As mentioned above, most American news outlets have depicted the bellicose North Korean leader as insane, and a threat to global peace. And yet, while this may very be the case, media platforms fail to understand the rationale behind developing and possessing nuclear capabilities, especially regarding the notion of nuclear deterrence. Currently, there are nine countries that possess nuclear weapons, five of which are permanent members of the United Nations Security Council: the United States, Russia, China, the United Kingdom, and France. The remaining four are India, Pakistan, North Korea, and Israel (though the Israeli government officially does not acknowledge its possession of them). In addition, of all nine aforementioned nuclear states, only the first five have the ability to actually strike any place on earth with a missile (usually via an intercontinental ballistic missile or ICBM, launched either from a submarine or a strategic bomber).

What is most important to understand about the development and possession of an active nuclear arsenal, however, is that the end goal is not to deploy it, but to deter other nations. As such, nuclear states are in effect ‘deterrers’ who, via their arsenal, try to convince other states that the costs of taking actions against them will be substantially higher than any gain they might anticipate. The notion of deterrence is thus one of the main, if not the main principle behind international security. Yet, with an ever-increasing militarized world, and with the technological advancements therein, states are trying to overcome the dangers of a retaliatory strike and continue to amass more sophisticated weapons to solve the issue of a mutually assured destruction.

This is why the DoD report is significant, as it highlights that, rather than moving towards a security paradigm that underscores the importance of de-nuclearization (and of deterrence) it does quite the opposite. Instead, it calls for the development of more sophisticated and smaller nuclear weapons, which in turn makes them more likely to be used.

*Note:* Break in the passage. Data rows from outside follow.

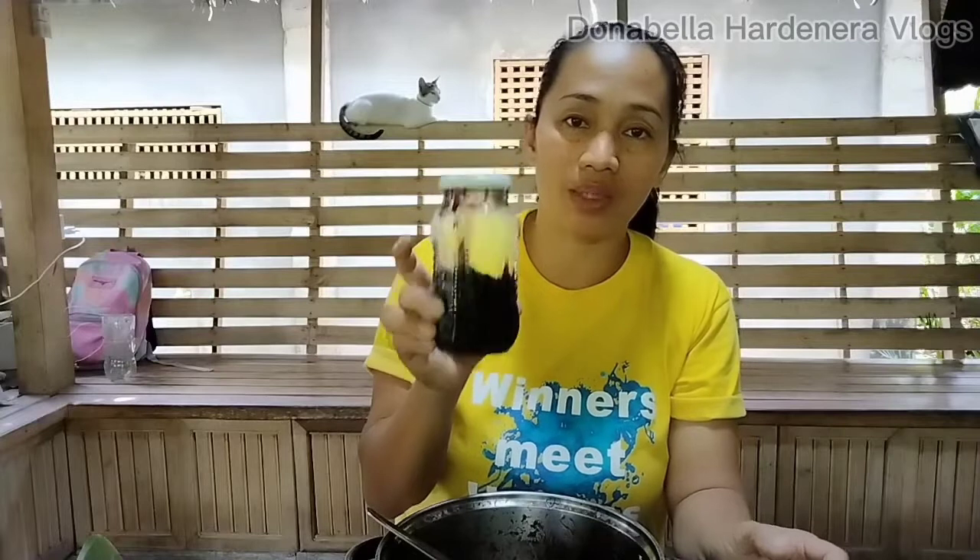This is already finished and we can clean this afterwards. We can store this in a cool, dry place and you can even put it in a refrigerator. But with our proportion of sugar and gumamela — which is one to one — this will stay long without spoiling for a long time because of the clean preparation and the 1-to-1 sugar proportion.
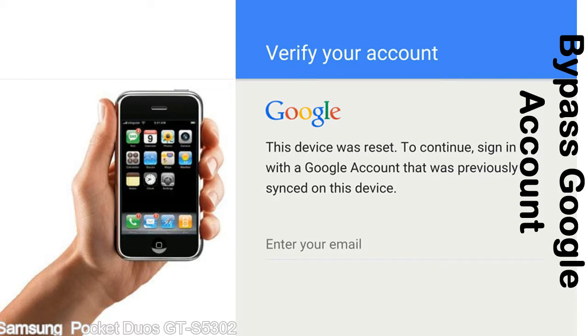This FRP lock is developed by Google, and we provide our FRP unlock solution for free. Today we are providing the methods to unlock FRP lock phones. You can use this solution for almost all FRP lock devices.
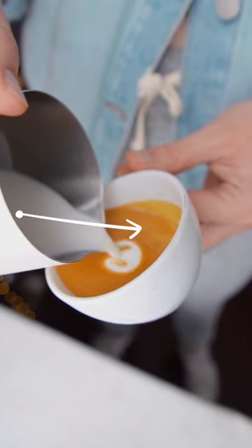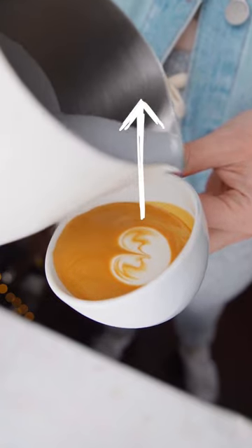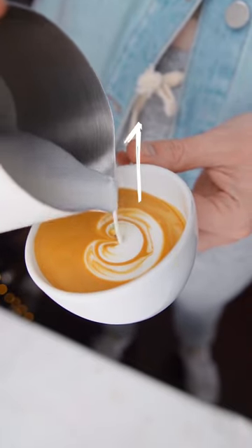You're going to let a little bit of milk glide out as you push the pitcher towards the back and cut up to break the stream. Then we're going to get a little bit of distance in between the layers and push forward with our second layer, just like we do in our stacked hearts.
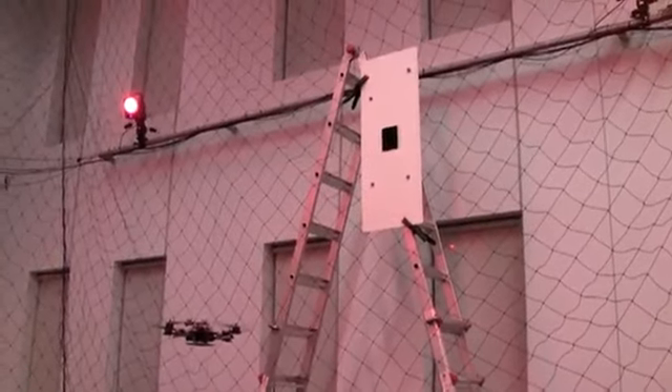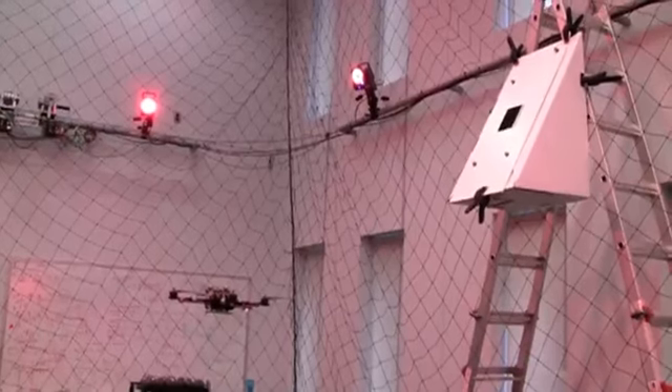By placing Velcro on the bottom of the quadrotor and on a target, the quadrotor can perch on a surface. Here we demonstrate perching on an inclined surface.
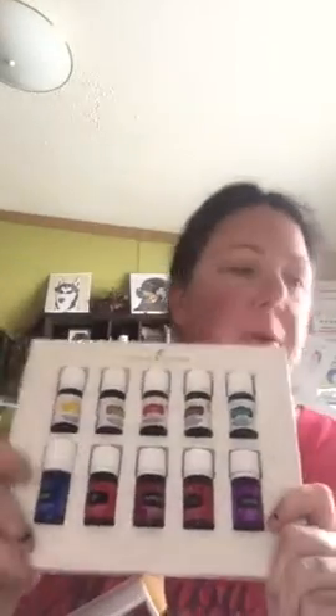If you're interested in becoming a member, I can help you out, or you can just type in my URL into the search bar: https://yl.pe/738G. That will automatically put in my member number for sponsor and enroller, and you just fill out the rest with your information and you will be on Young Living Essential Oils team.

Today, there are many regions in the world that are susceptible to nuclear warfare. While the Korean peninsula is the obvious case, there are more complex scenarios: Israel against Iran, Iran against the former, as well as against Saudi Arabia (though Iran has been somehow contained after the landmark de-nuclearization agreement of 2015), as well as India against Pakistan. And, of course, the quintessential scenario of a United States-Russia war, or more recently, a United States-China war.

It is easy to analyze nuclear affairs in a very simplistic way, for instance: Kim Jong-un is insane and as such needs to be dealt with. Doing so, however, is dangerous. It erases the complex realities that go behind the pursuit of a deterrent element, one that ultimately aims to prevent war in the first place. An alternative approach would be to recognize that the continued nuclearization of states is a wrong policy and that existing mechanisms to safeguard the process of de-nuclearization are failing. Multilateral institutions like the United Nations – with all its limitations – are best positioned to mitigate the current status quo. While these days all we can do is hope, we can also understand that nuclear affairs are much more complex than calling someone “rocket man,” as the current American President does.